Activity = At the line containing "τσάντεσ χιαστί DKNY", begin an exact copy, and continue through the last line of the entries below. Leave out any pictures.
◆ ◆ ◆ ◆ ◆ ◆ ◆
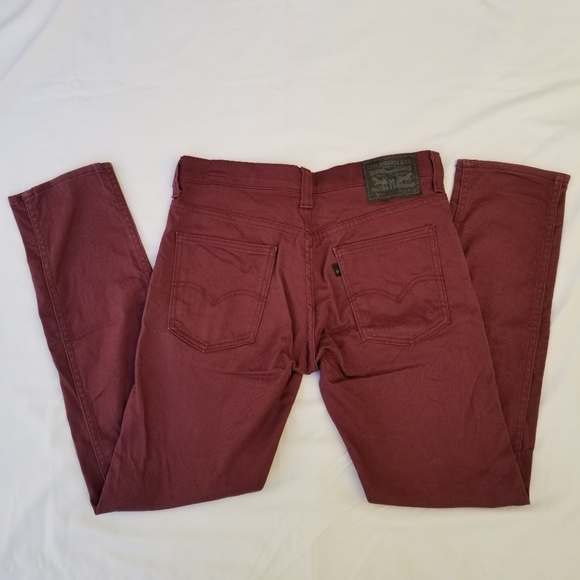 Men's Levi's 508 Regular Tapered  Maroon Jeans W29/L30 - Picture 4 of 9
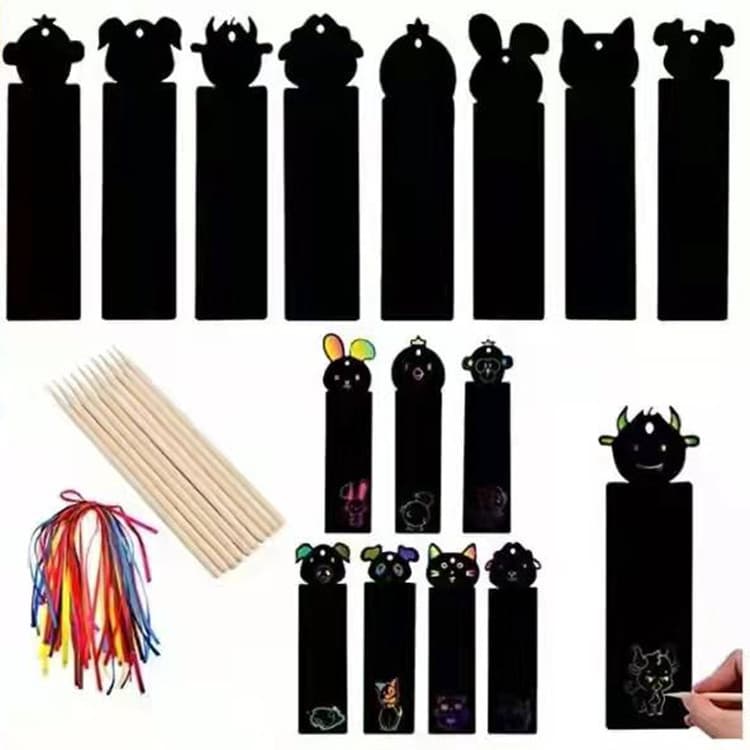Manufacturer Wholesale Animal-themed Bookmark Scratch Paper, Creative DIY for Children's Christmas, Easter, Halloween Scratch Art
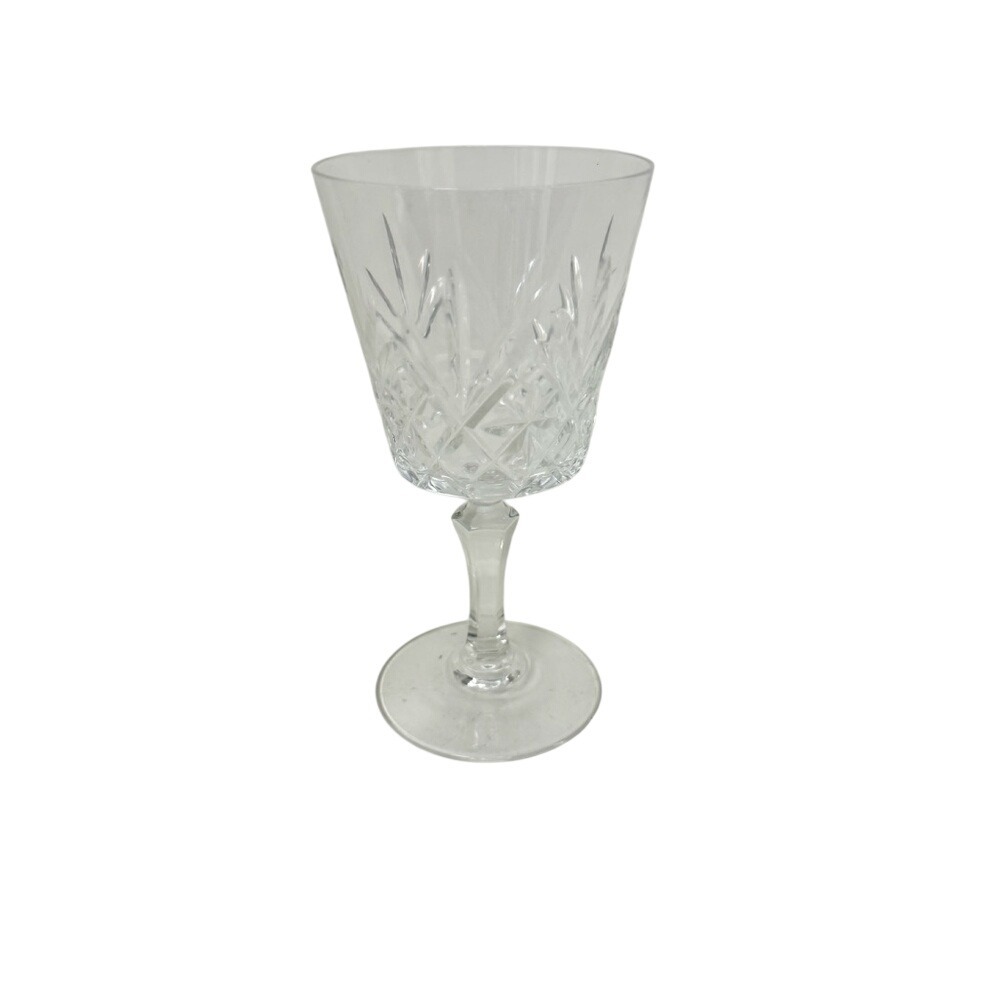 Vintage Cut Crystal Wine Goblet Diamond Fan Pattern Clear Stemware Glass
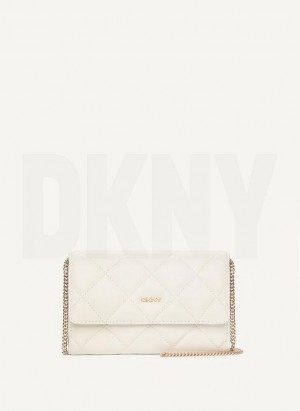 τσάντεσ χιαστί DKNY Καπιτονέ Wallet On A Chain γυναικεια ασπρα χρυσο χρωμα | Greece_D1980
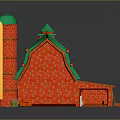 Cartoon Barn Scene With Red Walls Green Roof Chimney Wooden Doors And Green Grass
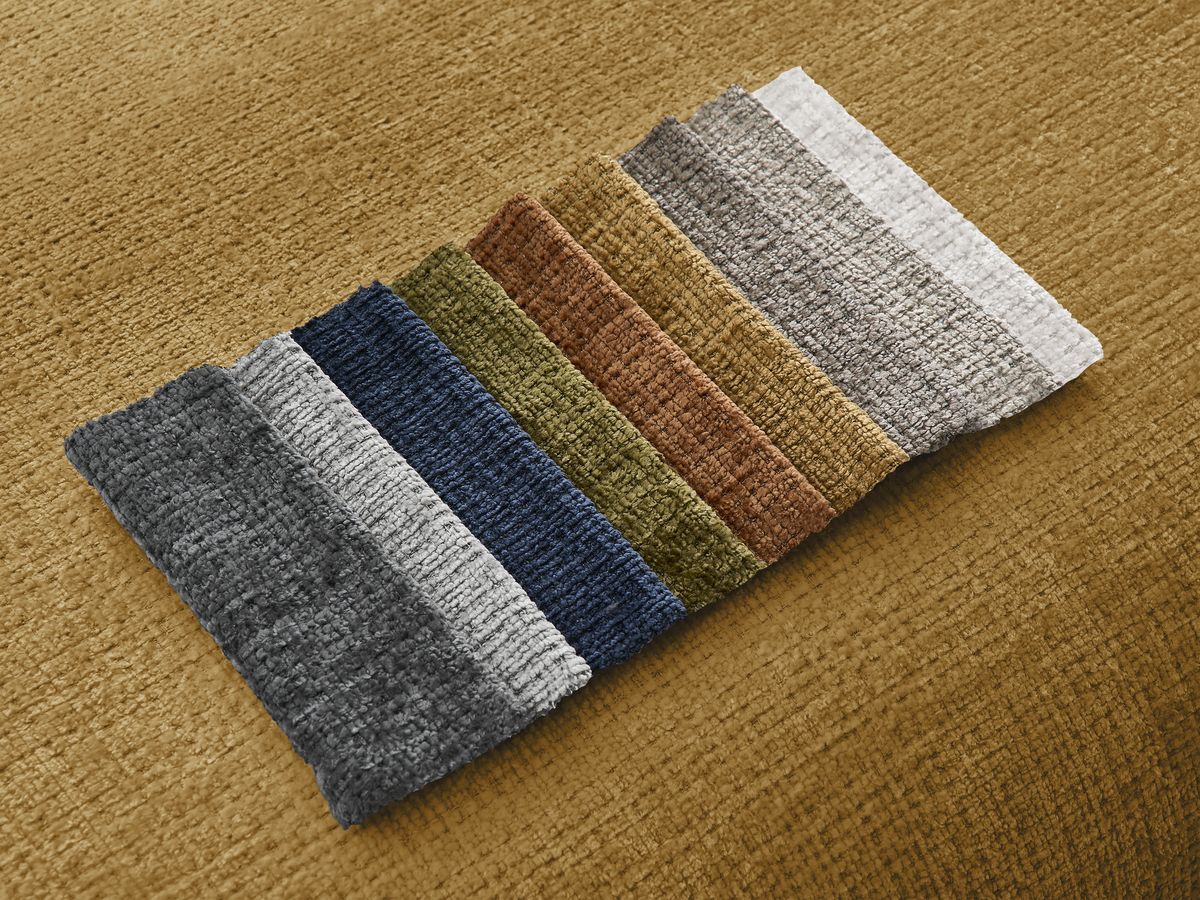 Bobochic Sirius Ecksofa mit Pouf 300 × 170 cm Strukturstoff Gelb Ecke rechts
◆ ◆ ◆ ◆ ◆ ◆ ◆
Answer to the problem =
 τσάντεσ χιαστί DKNY Καπιτονέ Wallet On A Chain γυναικεια ασπρα χρυσο χρωμα | Greece_D1980
 Cartoon Barn Scene With Red Walls Green Roof Chimney Wooden Doors And Green Grass
 Bobochic Sirius Ecksofa mit Pouf 300 × 170 cm Strukturstoff Gelb Ecke rechts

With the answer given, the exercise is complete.